This should be controversial: As part of a mapping contest at UC Berkeley, some urban planning students at UCLA created a sophisticated interactive map showing incidences of various kinds of quality-of-life crimes in San Francisco, as well as a 10-year history of officer-involved shootings, showing where and when they happened.

The mapping contest itself was called "See-Through Maps," and had to do with maps that bore a point of view. This map, dubbed Home.Land.Security., obviously has an anti-law-enforcement point of view, but the map-makers explain it thusly:

Home.Land.Security. was designed to represent unsafe, threatening, and harmful spaces as experienced by the most vulnerable communities. We were moved by the murders of Trayvon Martin and Oscar Grant and many other cases of physical and emotional violence against people from marginalized communities. While many communities have a good relationship with law enforcement, for many others - including people of color, queer folks, and undocumented immigrants - police presence is itself a threat.

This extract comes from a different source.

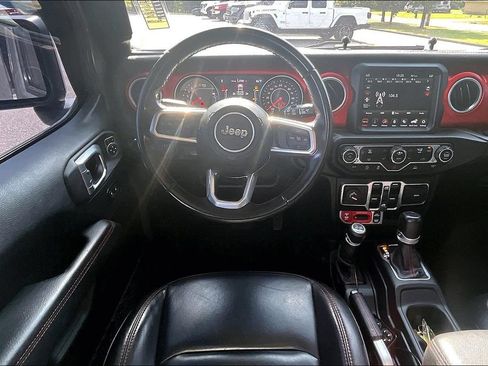 Used 2021 Jeep Wrangler Unlimited Rubicon AWD/4WD image 5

We found many websites mapping crime data provided by police departments, but none mapping how safe different places might be for society’s most vulnerable people...

As the Atlantic's Cities blog notes, the map indicates the enforcement of quality-of-life crimes in order to suggest neighborhoods where the most police harassment may exist. Click around the thing and you can bring up arrests for narcotics, sex work, and disturbing the peace in your neighborhood. And, not surprisingly, the most dangerous place for these vulnerable communities is Civic Center and the Tenderloin, with by far the most arrests and a high number of officer-involved shootings between 2000 and 2011. Potrero Hill is pretty high up there too, with an even higher number of shootings by cops.

Helpful tip: When entering your address, make sure to put in your whole address with the city (S.F. only), or else the map will bounce you elsewhere.

Say what you will, it's kind of fascinating.